Peter Walker


Name: Ps Peter Walker
Occupation: Pastor
Place of Residence: Rooty Hill, NSW
Tribe/Language: Bunjulung people

When Ps Peter Walker, 70, and his wife Maria first moved to Sydney in 1981, their intention was to pay off the piece of land they’d bought and save for their children’s education. “But God had a plan for us spreading the Gospel and His kingdom; and I’m privileged to have been given the chance,” he said.

Peter and Maria have been married for 47 years and they have 4 daughters. Peter has been involved in ministry for more than 35 years and was Pastor at Redfern Indigenous Church for 10 years. He is Founder of Australian Indigenous Ministries (AIM) – an organisation with a mission to plant, partner and participate in Gospel ministry to Indigenous people. He is also Founder of Praise Corroboorree and the National Synergy of Prayer Network. He is an active member of the Australian Pentecostal Ministers’ Fellowship and a member of the Christian Democratic Party.

Peter is a descendant of the Bunjalung Indigenous Australian tribe. The Bundjalung people are the original custodians of the northern coastal areas of New South Wales, located approximately 500 kilometres northeast of Sydney.
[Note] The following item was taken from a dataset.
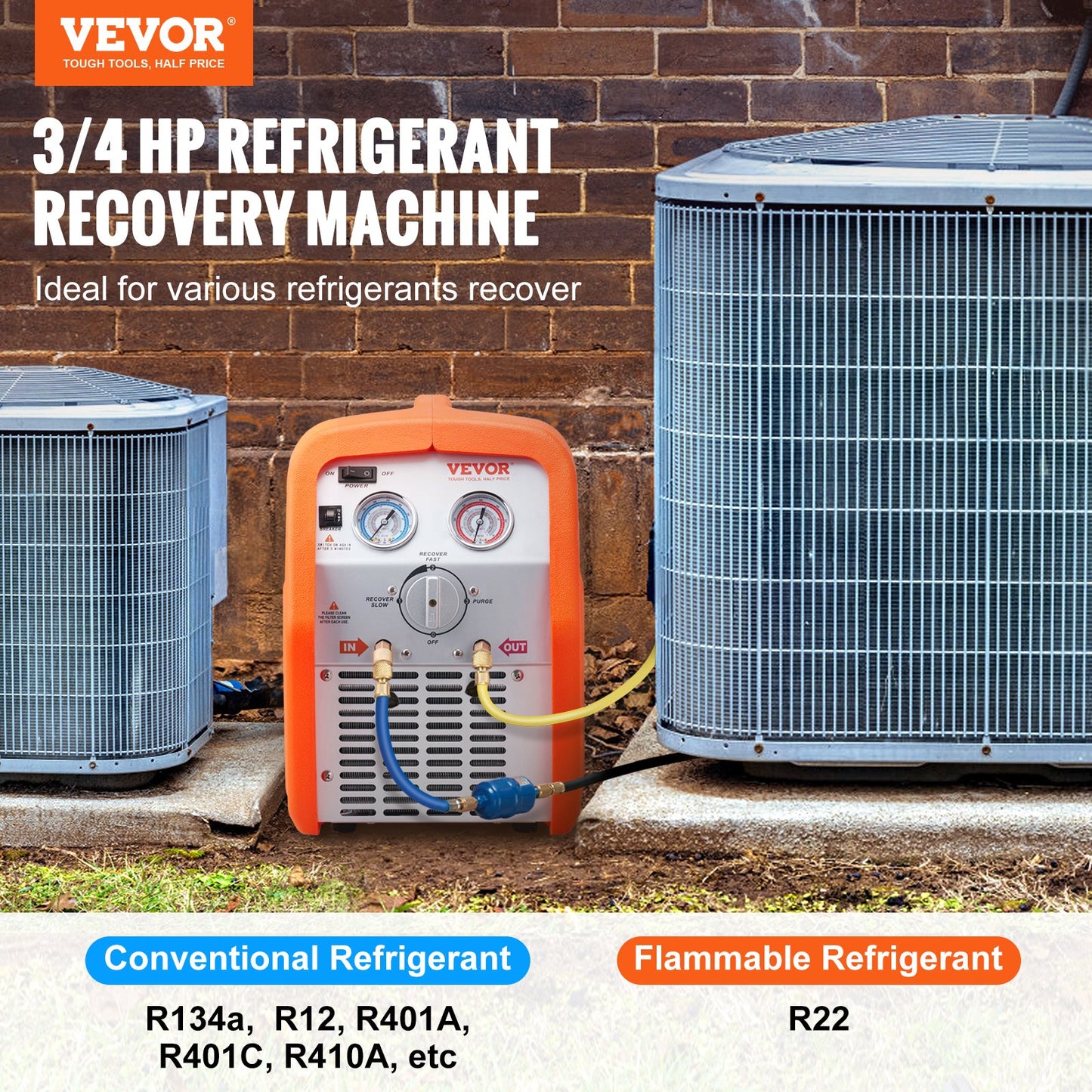Portable 3/4 HP Refrigerant Recovery Machine - AC Recovery Machine with High Pressure Protection 220-240V 60Hz Recovery Machine HVAC for Vapor Liquid Refrigerant, Car Air Conditioning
Although he was raised in a Christian family, Peter drifted away from God at a young age and became addicted to alcohol. He recommitted his life to Christ at age 30. “I couldn’t give up alcohol on my own, I didn’t have the willpower. Then one day, God spoke to me. I allowed Him to come into my life. I wept. God healed me. Ever since then, I’ve seen the change. The Holy Spirit touched me so I’m ever grateful for His mercy,” said Peter.

“There’s a Scripture that says that all have sinned and fall short of the glory of God. Only His grace, God’s grace, that He gives us, brings us into fellowship with Him. Regardless of the sin or addiction that we have, He still loves us. That’s the tremendous reality,” he said.

“God’s grace is upon us as a nation. He has blessed us as a nation but Australia is losing that place of righteousness. Transformation has to take place in our nation. It has to happen, especially with the Indigenous people. We need to see ourselves as no longer slaves or rejects in society, but as accepted and the beloved.”